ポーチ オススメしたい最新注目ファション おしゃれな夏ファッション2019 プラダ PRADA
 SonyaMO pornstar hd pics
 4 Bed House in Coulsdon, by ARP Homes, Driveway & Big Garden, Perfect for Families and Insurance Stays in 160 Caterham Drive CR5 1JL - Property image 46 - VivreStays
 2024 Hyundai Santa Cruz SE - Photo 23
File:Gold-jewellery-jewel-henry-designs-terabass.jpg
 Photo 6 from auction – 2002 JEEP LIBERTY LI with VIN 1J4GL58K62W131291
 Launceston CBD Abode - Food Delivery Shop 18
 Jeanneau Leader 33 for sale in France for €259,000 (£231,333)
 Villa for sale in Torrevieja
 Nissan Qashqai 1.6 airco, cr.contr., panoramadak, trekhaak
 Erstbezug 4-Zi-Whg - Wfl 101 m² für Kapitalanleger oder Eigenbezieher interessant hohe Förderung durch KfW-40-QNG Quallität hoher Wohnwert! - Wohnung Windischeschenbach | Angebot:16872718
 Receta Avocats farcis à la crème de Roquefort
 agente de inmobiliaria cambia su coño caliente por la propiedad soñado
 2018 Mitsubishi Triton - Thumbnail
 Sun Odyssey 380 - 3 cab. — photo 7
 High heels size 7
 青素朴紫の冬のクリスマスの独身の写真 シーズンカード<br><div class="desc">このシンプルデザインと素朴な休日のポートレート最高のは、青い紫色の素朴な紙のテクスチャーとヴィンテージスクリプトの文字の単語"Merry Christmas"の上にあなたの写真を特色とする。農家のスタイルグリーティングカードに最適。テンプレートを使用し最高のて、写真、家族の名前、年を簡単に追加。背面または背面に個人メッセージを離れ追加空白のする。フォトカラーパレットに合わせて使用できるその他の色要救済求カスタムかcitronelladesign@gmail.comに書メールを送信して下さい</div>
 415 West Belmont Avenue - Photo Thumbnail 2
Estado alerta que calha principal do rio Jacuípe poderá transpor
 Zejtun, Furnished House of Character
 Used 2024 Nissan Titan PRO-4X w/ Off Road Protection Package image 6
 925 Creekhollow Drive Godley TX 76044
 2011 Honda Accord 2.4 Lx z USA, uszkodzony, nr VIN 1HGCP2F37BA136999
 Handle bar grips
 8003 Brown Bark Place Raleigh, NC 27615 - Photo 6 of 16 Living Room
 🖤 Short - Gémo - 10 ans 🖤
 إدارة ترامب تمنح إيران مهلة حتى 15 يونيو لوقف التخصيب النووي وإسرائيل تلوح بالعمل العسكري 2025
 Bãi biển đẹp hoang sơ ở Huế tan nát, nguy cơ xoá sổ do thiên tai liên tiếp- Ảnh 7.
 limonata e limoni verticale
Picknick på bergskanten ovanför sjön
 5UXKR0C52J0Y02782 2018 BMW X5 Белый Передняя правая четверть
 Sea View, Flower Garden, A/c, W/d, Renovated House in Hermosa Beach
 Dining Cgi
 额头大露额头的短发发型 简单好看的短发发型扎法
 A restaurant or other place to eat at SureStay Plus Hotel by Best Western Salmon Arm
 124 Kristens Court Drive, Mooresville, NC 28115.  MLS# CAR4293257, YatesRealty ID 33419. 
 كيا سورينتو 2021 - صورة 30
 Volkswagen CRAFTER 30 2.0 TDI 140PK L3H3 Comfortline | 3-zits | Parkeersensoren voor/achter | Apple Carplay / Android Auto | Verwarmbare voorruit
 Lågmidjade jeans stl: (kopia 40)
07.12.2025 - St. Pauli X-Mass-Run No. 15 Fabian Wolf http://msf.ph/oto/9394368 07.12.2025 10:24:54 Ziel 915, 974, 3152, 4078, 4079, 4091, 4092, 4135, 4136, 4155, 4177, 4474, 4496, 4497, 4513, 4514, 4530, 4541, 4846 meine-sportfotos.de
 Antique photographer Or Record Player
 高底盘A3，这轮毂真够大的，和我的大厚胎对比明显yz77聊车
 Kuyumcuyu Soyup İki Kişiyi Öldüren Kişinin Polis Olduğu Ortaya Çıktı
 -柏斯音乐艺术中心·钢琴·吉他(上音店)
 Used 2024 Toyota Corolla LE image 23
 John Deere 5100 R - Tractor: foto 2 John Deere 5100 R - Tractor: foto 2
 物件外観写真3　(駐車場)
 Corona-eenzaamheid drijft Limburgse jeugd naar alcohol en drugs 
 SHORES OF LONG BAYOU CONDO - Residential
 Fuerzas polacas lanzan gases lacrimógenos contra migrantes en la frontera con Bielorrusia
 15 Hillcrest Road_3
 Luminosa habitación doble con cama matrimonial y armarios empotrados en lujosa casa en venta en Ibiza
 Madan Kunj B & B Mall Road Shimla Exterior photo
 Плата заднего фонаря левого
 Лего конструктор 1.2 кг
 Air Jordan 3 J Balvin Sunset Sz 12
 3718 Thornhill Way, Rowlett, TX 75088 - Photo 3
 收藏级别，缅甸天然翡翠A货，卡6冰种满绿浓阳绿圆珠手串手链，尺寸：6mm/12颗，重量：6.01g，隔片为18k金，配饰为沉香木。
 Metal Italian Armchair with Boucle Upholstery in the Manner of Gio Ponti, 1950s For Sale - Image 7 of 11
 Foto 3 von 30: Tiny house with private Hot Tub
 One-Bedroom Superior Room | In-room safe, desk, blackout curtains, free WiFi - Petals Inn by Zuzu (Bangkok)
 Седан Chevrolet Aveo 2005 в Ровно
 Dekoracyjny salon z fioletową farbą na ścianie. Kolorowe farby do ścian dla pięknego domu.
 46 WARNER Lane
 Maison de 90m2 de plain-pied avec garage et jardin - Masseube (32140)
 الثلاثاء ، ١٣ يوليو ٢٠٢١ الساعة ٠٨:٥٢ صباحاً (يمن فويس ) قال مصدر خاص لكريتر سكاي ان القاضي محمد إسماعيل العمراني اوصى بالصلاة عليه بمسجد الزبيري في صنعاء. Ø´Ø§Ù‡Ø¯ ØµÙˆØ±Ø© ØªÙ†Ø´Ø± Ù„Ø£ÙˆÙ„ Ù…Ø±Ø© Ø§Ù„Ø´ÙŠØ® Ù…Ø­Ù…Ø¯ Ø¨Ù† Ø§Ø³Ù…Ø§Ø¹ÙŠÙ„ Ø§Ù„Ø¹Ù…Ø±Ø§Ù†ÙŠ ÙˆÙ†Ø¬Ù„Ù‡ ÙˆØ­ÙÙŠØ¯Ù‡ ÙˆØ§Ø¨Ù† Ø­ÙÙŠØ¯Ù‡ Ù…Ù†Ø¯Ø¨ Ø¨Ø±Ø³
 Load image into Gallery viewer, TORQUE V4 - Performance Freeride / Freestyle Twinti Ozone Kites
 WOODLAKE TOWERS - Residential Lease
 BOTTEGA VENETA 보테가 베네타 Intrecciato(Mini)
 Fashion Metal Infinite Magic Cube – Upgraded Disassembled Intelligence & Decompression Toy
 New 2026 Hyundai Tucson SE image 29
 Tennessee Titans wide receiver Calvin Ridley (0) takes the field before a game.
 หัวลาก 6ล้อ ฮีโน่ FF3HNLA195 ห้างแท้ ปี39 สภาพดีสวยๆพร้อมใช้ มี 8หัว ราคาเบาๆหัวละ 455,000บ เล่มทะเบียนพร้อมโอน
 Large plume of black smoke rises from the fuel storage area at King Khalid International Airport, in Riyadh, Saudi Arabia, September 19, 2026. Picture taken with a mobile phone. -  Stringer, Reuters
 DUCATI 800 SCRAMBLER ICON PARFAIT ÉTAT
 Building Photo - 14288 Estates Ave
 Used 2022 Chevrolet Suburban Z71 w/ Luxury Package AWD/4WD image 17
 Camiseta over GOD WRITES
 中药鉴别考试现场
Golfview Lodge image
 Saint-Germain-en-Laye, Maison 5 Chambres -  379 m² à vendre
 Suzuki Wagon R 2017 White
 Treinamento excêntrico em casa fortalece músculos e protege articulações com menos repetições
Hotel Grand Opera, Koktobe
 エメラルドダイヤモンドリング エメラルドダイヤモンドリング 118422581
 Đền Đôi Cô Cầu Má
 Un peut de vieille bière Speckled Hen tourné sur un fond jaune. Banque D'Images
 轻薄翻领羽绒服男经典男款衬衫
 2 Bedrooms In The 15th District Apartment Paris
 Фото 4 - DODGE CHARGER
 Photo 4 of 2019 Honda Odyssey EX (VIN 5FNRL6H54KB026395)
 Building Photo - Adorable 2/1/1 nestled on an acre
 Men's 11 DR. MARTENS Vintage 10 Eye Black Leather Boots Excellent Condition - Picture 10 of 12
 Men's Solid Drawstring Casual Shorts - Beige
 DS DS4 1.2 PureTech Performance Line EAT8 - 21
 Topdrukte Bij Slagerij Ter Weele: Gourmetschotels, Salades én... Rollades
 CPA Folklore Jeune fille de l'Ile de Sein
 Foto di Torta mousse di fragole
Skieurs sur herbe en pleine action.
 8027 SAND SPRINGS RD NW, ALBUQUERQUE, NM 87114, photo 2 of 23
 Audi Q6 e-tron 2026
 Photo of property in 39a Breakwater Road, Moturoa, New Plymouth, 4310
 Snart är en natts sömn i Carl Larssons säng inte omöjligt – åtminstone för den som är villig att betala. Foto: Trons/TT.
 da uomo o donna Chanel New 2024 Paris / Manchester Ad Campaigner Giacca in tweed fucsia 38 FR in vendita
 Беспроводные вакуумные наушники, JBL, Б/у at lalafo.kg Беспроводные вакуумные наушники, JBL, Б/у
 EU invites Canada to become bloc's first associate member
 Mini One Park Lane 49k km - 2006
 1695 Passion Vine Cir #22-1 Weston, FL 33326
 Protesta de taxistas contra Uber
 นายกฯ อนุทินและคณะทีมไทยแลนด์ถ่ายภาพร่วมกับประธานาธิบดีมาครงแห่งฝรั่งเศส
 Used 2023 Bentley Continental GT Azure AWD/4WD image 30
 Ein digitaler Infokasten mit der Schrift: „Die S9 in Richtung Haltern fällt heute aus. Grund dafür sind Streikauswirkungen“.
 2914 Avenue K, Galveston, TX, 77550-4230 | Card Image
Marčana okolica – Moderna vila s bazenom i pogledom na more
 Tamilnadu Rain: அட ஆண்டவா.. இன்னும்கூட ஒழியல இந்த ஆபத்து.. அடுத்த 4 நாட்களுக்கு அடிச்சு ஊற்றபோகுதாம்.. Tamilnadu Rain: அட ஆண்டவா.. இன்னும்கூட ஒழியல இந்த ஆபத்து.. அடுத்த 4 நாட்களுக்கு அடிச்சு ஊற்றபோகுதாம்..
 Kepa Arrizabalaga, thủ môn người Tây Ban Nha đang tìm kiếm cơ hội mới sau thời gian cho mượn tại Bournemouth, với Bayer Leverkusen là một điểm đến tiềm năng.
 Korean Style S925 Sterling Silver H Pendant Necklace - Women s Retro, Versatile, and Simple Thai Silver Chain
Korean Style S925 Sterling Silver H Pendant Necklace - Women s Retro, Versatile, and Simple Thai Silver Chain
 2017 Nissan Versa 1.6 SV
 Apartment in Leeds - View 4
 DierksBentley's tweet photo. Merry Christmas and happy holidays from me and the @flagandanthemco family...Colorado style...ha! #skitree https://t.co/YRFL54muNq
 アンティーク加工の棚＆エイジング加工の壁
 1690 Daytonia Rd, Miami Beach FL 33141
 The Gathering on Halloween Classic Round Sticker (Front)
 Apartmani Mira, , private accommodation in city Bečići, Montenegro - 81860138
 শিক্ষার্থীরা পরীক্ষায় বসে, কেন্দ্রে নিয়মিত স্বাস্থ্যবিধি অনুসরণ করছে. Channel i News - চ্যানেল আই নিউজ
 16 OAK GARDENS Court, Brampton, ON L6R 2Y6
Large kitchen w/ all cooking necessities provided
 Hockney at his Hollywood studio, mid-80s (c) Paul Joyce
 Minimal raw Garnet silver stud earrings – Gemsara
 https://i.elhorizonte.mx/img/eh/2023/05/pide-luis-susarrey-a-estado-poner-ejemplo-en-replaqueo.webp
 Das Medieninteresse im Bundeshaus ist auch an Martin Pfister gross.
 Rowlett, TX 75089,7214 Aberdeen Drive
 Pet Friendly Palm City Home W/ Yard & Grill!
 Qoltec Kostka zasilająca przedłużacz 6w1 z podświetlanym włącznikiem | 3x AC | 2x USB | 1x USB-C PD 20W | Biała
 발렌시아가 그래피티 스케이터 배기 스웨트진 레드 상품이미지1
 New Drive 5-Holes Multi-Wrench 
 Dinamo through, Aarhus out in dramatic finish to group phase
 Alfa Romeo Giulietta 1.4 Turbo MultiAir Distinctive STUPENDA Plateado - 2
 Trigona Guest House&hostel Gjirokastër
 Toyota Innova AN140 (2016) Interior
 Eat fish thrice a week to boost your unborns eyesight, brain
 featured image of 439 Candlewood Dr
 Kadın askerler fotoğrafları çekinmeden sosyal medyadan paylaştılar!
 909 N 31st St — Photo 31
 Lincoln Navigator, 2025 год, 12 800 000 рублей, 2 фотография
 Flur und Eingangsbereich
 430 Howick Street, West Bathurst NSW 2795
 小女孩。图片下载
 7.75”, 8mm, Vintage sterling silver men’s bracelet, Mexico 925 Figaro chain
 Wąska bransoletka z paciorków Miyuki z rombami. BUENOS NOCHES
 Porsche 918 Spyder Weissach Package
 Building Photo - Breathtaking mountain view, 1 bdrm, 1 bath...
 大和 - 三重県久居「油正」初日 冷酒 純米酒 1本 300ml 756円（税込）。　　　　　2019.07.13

WHAT IS EXPECTED: Go back to the listing above. Copy word for word the lines from the one with "Used 2024 Nissan" through the one with "8003 Brown Bark", and nothing more.

SOLUTION TO THIS EXERCISE:
 Used 2024 Nissan Titan PRO-4X w/ Off Road Protection Package image 6
 925 Creekhollow Drive Godley TX 76044
 2011 Honda Accord 2.4 Lx z USA, uszkodzony, nr VIN 1HGCP2F37BA136999
 Handle bar grips
 8003 Brown Bark Place Raleigh, NC 27615 - Photo 6 of 16 Living Room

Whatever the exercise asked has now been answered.